The Australian market has seen an increased inflow of capital as global investors search for yield in the current low interest rate environment, says George Lucas, managing director Instreet Investments.

“With the amount of debt in negative yield now at a staggering $13 trillion, it is no wonder that the main driving force for equities will be the global hunt for yield.

“Thanks to years of continued investor activism, top Australian companies pay higher dividends and help produce one of the highest yielding companies in the world. Compared to the S&P 500, which yields about 2.3%, the yield from ASX 200 companies is attractive, resulting in foreign inflows and leading Australian companies being included in global yield ETFs listed in the US.

“And it’s not just equity yield that is attractive in Australia. The AAA rated government bonds are producing significant yield when compared to negative yields.
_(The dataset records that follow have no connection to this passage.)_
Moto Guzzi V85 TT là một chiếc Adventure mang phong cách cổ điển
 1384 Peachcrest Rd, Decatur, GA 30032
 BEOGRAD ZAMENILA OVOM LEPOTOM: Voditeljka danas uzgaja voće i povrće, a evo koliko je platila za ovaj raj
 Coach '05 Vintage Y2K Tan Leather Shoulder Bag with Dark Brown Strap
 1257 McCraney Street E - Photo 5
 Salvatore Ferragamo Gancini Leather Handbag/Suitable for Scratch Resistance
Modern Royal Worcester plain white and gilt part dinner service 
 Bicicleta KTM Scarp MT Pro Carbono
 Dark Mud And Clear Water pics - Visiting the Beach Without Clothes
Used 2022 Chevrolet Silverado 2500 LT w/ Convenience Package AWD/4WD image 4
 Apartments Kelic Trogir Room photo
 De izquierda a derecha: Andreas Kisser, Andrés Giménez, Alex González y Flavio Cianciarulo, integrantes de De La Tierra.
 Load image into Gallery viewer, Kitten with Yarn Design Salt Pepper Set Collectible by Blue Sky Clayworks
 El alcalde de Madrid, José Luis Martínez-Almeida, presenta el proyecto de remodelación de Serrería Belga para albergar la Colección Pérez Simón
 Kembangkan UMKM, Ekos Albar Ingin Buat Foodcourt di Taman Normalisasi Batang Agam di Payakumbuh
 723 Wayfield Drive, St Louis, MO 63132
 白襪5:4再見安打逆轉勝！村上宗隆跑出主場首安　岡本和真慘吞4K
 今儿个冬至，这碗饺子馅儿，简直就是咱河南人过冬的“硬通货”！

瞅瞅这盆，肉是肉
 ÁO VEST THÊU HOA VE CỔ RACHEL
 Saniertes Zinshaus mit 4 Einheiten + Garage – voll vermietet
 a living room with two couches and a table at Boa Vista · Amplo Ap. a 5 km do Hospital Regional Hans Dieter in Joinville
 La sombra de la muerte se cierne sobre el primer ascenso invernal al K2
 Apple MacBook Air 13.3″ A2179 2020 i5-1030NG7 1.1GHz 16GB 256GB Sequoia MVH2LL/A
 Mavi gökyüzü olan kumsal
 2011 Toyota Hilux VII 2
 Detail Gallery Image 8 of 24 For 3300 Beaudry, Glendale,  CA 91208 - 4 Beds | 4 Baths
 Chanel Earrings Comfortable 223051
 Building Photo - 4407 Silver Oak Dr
“Foreign inflows are also having an effect on the Aussie dollar, which is on the rise despite the RBA cutting rates to record lows in August. This rise in the dollar, coupled with mortgage lenders not passing on the full rate cut to borrowers, has seen the RBAs recent decision completely wasted. If it is a weakening in the dollar that the RBA are interested in, then they may think twice about cutting again.

“A quick look at Japan shows that further weakening should see a flow of YEN into Australian equities for yield.

“The recent announcement by the Bank of Japan to buy more equity-linked ETFs means that the Japanese equity market is at risk of becoming overvalued – similar to the way that the Japanese bond market was distorted, and now trades in negative yields,” said Lucas.